The module of ENVI/FLAASH atmospheric correction was applied for conducting atmospheric correction, while the ENVI/OLI correction module was taken for conducting geometric correction.

Ground Investigation

To obtain the layout of the main feature types in Wushi County, Xinjiang Uygur Autonomous Region, a ground investigation was conducted in Wushi County, during which, the GPS (global positioning system) handhelds were used to measure the latitude and longitude coordinates of the feature plots and record the vegetation types and photographs. The route of the ground investigation covered most of the group farms in Wushi County, and a small number of sampling points in farms outside the group.

It can be known from the main crops planting status and the ground investigation data that, the study area covers an area of 44040 hectares, including 2370 hectares’ rice area, 16330 hectares for wheat planting, and 300 hectares for beans planting. Besides, the ground investigation also showed that vegetables and fruits are also planted in the study area in scattered manner. So, there are 9 classified types within the area, including: wheat, rice, forest land, beans, ice and snow, other vegetation, bare land, and water bodies. As for the original Landsat image and the sample plots layout, please refer to Figure 2.

FIGURE 2
Landsat 8 OLI image and distribution of ground sample in study area.

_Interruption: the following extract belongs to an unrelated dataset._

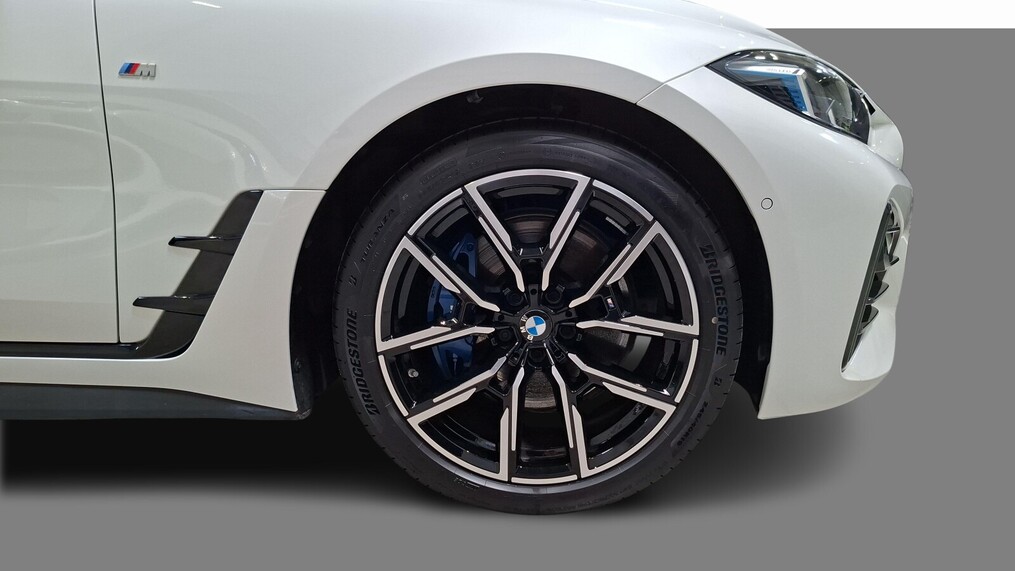 BMW Serii 4, 440
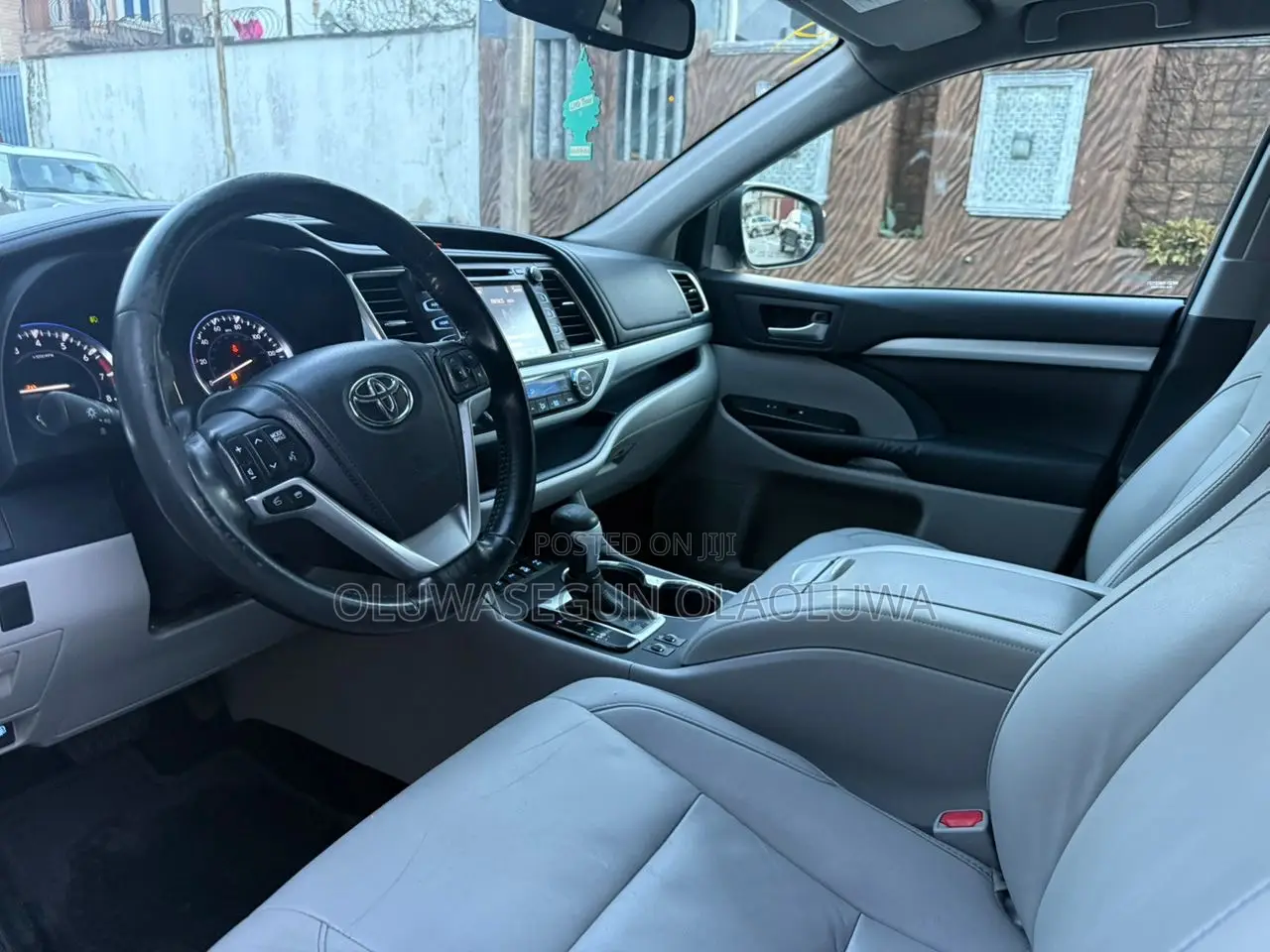 Toyota Highlander XLE 4dr SUV AWD (3.5L 6cyl 6A) 2014 White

Development Stages of Crops

The lifetime of winter wheat, which starts from being a seed and ends up with reproducing new seed, subjects to the influences from ecological and cultivation conditions greatly. It experiences 4 seasons from the end of autumn, winter, spring, to early summer, amounting to about 230d. Generally, the winter wheat should be planted in late October of the year and harvested in late May of the next year. The entire lifetime of the wheat is divided into 12 stages, which are respectively: seedling stage, three-leaf stage, tillering stage, overwintering stage, re-greening stage, starting stage, jointing stage, booting stage, heading stage, flowering stage, filling stage, and maturity stage.

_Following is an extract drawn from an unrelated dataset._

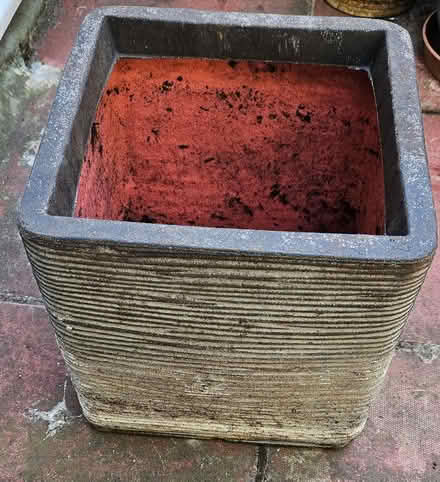 Photo of free Plastic Plant Pot (CT10) #1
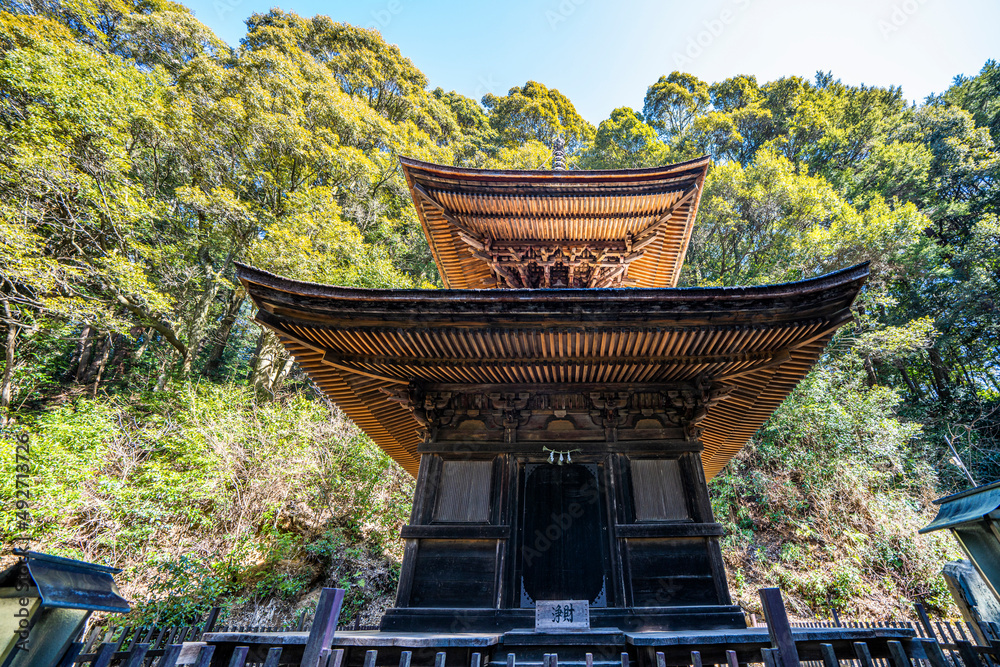 日龍峯寺多宝塔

Considering the development period of crops in the study area, a satellite image located on May 15, 2017, was selected for crop classification and identification. The spectral curves of the main surface feature types (wheat, rice, and forest land, etc.) in the study area during this period are as shown in Figure 3. In the vigorous development period of the plants, namely the 5^th bands approaching the near infrared band, the spectral curves of various plants vary significantly and are more favorable for being used in crop classification. In March, the winter wheat is at the re-greening and jointing stage, so that the vegetation index at this time begins to rise; from May to June, winter wheat gradually reaches maturity and grows vigorously, showing strong intra-crop spectrum consistency, but significant inter-crops spectrum differences. So, taking acts in this period could be favorable for identifying crops based on remote sensing because it avoids the spectral differences in the early crop growth period caused by different planting times, and avoids the differences in the late stage caused by different maturity and harvesting times. Therefore, the OLI data on May 15 was taken in this paper to identify various crops like wheat in the study area.

FIGURE 3
Spectral curves of main ground objects in study area.

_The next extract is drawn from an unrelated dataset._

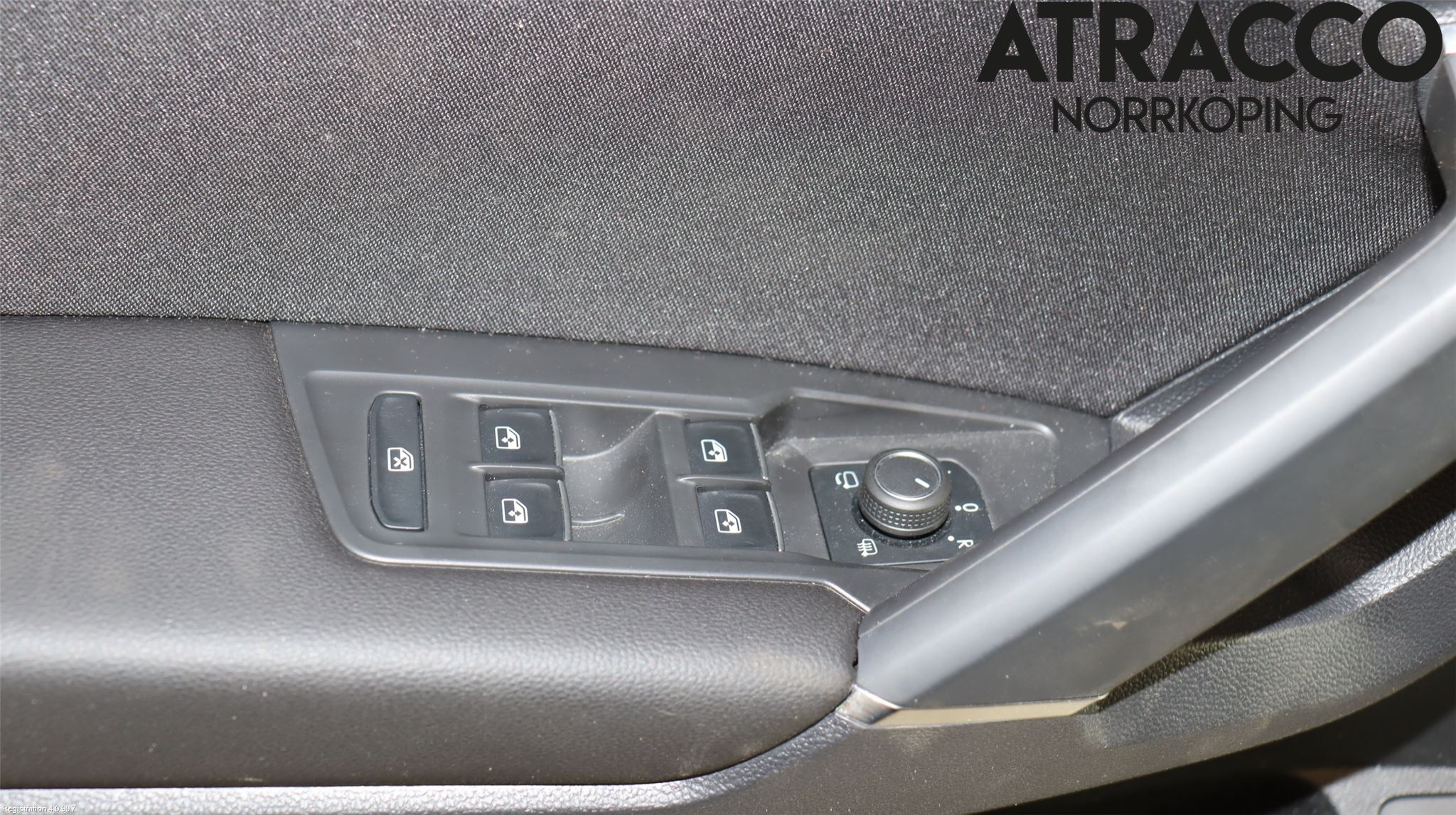 Volkswagen VW TIGUAN ALLSPACE 18- Dörrklädsel Vä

Description on Research Methods and Algorithms

Technical Thoughts

The overall research thoughts are as shown in Figure 4. According to the crop distribution in the study area, Landsat-8/OLI satellite images on May 15, 2017, were selected. Meanwhile, the appropriate sample data were selected, and 3 classification methods, including: the maximum likelihood classification, support vector machine classification, and random forest classification were used to identify and classify the main crop of the study area --- winter wheat, thus, to evaluate the classification accuracy and applicability of these methods. Based on the local crop planting structure and the existing remote sensing images of Wushi County, the NDVI that can detect vegetation greenness and vegetation coverage, the enhanced vegetation index (EVI) that can correct soil background and aerosol scattering effects, and the normalized difference water index (NDWI), were selected in this paper. As for the calculation Formula (2), the values of coefficients G, C1, C2, and L were taken according to literature Testa et al. (2018)Testa S, Soudani K, Boschetti L, Mondino EB (2018) MODIS-derived EVI, NDVI and WDRVI time series to estimate phenological metrics in French deciduous forests. International Journal of Applied Earth Observation and Geoinformation 64:132-144.. Moreover, a wide dynamic range vegetation index (WDRVI) was selected to narrow the gap between the contributions made by the near-infrared band and the red band on the vegetation index by a specific gravity coefficient. Besides, based on the original images, additional information such as the first 4 bands of the principal component analysis were added, till then, the total number of bands reached 13, which were taken to conduct crop classification again by the 3 classification methods in order to evaluate the influences of additional information on classification accuracy.

FIGURE 4
Technical flow chart of the study

Four types of indexes were calculated according to the Landsat 8 multi-spectral reflectance data after taking pre-processing and used for carrying out dynamic monitoring on main crops in Wushi County region. The calculation formula is as follows.

(1)

N D V I = \frac{ρ N I R - ρ R E}{ρ N I R + ρ R E D}

(2)

E V I = G \cdot \frac{ρ N I R - ρ R E D}{ρ N I R +_{1} \cdot ρ R E D - C_{2} \cdot ρ B L U E}

(3)

N D W I = \frac{ρ G R E E N - ρ N I R}{ρ G R E E N + ρ N I R}

(4)

W D R V I = α \cdot \frac{ρ N I R - ρ R E D}{ρ N I R + ρ R E}

Where,

ρNIR, ρRED, ρBLUE, and ρGREEN are the reflectivity of the near-infrared, red, blue, and green bands respectively;

G is the gain factor with value of 2.5;

C1 and C2 are the aerosol impedance coefficients with values of 6 and 7.5;

L is the canopy background adjustment factor with value of 1,

α is the weighting coefficient with value of 0.2.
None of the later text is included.